Progresistas atacan a Obama por su plan presupuestario

El presidente Barack Obama presentó al Congreso su plan presupuestario para el año fiscal 2014 con el fin de crear empleos y reducir el déficit, pero éste suscitó de inmediato ataques de grupos progresistas y activistas de la comunidad hispana.

Durante un acto en la Rosaleda de la Casa Blanca, Obama dijo que su propuesta, de 3,77 billones de dólares, ofrece un “plan fiscalmente responsable para empleos para la clase media y el crecimiento” económico.

“Podemos hacer crecer nuestra economía y reducir nuestros déficits. De hecho, como vimos en la década de 1990, nada reduce con mayor rapidez los déficits que una economía en crecimiento”, afirmó.

Con una tasa de desempleo del 7,6 %, el plan propone inversiones específicas que, según Obama, ayudará a crear empleos “ahora mismo”.

Entre otros elementos, el plan contiene nuevos impuestos para los más ricos y reformas para reducir el costo del Seguro Social y del programa Medicare que da cobertura médica a ancianos y jubilados. También pide 50.000 millones de dólares para la reparación de carreteras, puentes y sistemas de transporte público; 221 millones de dólares para contratar a 1.600 agentes de la Patrulla Fronteriza, ay 4.800 millones de dólares para fortalecer la seguridad en la aviación.

Además, centra los recursos en el área de inmigración en la detención y deportación de extranjeros “prioritarios”, incluyendo criminales, reincidentes infractores de las leyes de inmigración, quienes han cruzado recientemente la frontera de forma ilegal y fugitivos de las autoridades migratorias.

Las explicaciones de Obama no han aplacado a progresistas, sindicatos y grupos defensores de los ancianos y jubilados, que advirtieron en sendos comunicados que su plan incluye recortes que afectarán a los más vulnerables en EE.UU.

El plan, desglosado en 244 páginas, contiene dos elementos significativos: 580.000 millones de dólares en nuevos impuestos, rechazados por los republicanos, y una nueva y compleja fórmula para determinar el costo de vida, que afectará a un amplio abanico de programas de ayuda social.

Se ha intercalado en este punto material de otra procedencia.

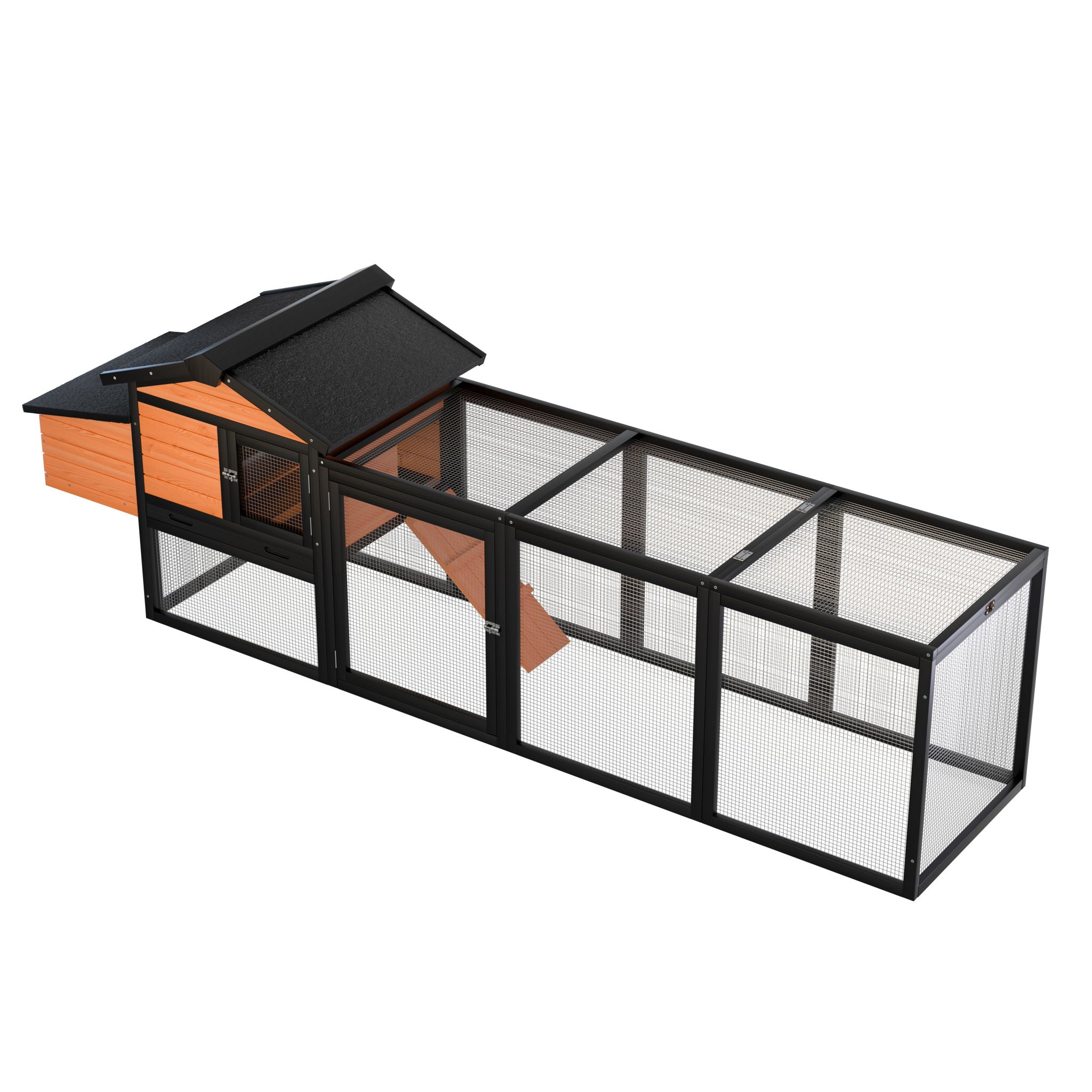 Chicken Coop With Run And Nesting Box, Large Outdoor Hen House For Backyard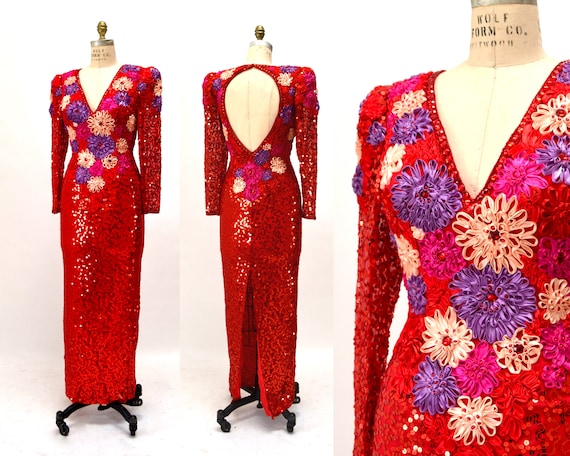 Vintage Red Beaded Formal Dress (M) main image 1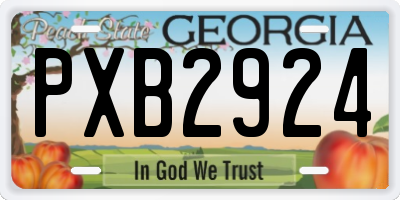 GA license plate PXB2924
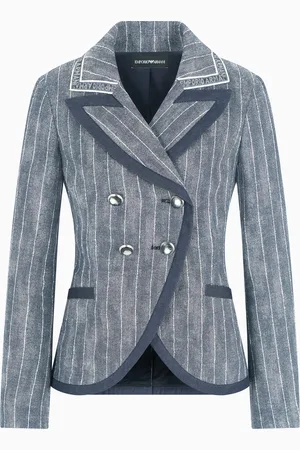 Emporio Armani Blazer croisé en denim de lin et coton mélangés à fines rayures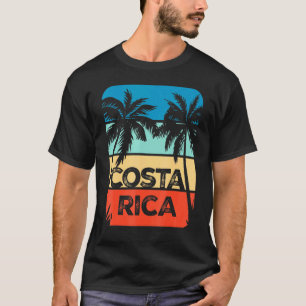 Costa Rica Souvenir Travel Vaction Trip Retro Sun T-shirt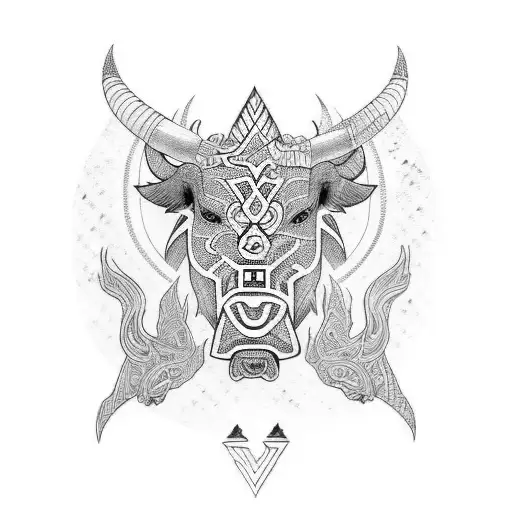 half sleeve filipino tribal with bull and ocean tattoo design idea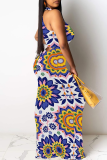 Blue Purple Casual Print Patchwork O Neck Long Dresses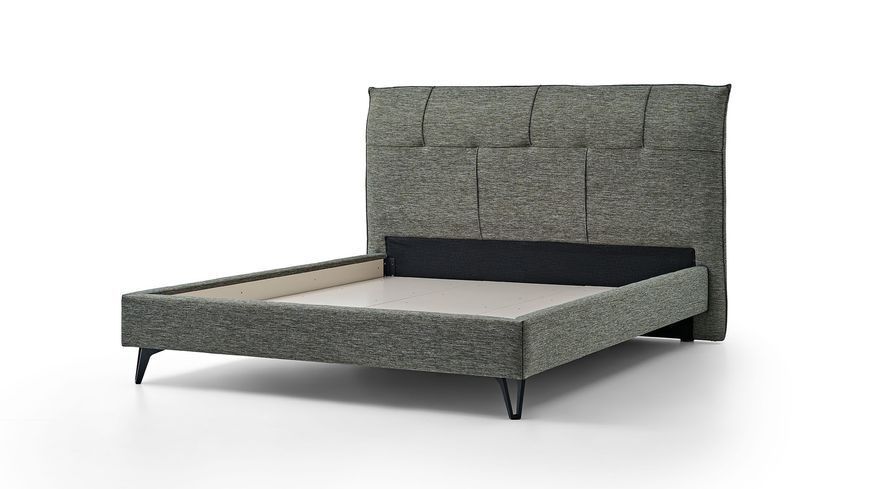 Set dormitor Solid 160 x 200 cm din pal și stofă cu picioare metalice 3200398196+3200398199 foto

El Consejo Nacional de La Raza (NCLR) lamentó que el plan en cuestión pone “demasiado énfasis” en recortes que crean una enorme “carga” para los ancianos y familias pobres de la comunidad latina y, además, podrían poner en peligro la creación de empleos en el país.

Eric Rodríguez vicepresidente de asuntos legislativos de NCLR, señaló que el plan apenas generaría 600.000 millones de dólares en nuevos ingresos, a cambio de 1,2 billones de dólares en “alarmantes recortes” a programas sociales como el Seguro Social y el Medicare, continuando de esa forma por la vía de la “austeridad severa en vez de las inversiones”.

“Los latinos, cuya tasa de desempleo se sitúa en alrededor del nueve por ciento, buscan un presupuesto que haga crecer la economía y crea empleos”, enfatizó Rodríguez, quien aplaudió la idea de aumentar los impuestos a los cigarrillos para ampliar los programas preescolares para niños de familias con bajos y medianos ingresos.

Por su parte, la vicepresidenta ejecutiva de la influyente asociación de jubilados AARP, Nancy A. LeaMond, dijo que “es hora de soluciones responsables y no propuestas dañinas que perjudicarían a los ancianos y amenazarían la jubilación de futuras generaciones”.

Mientras, la mayoría de los líderes republicanos rechazaron el plan y exigieron más recortes.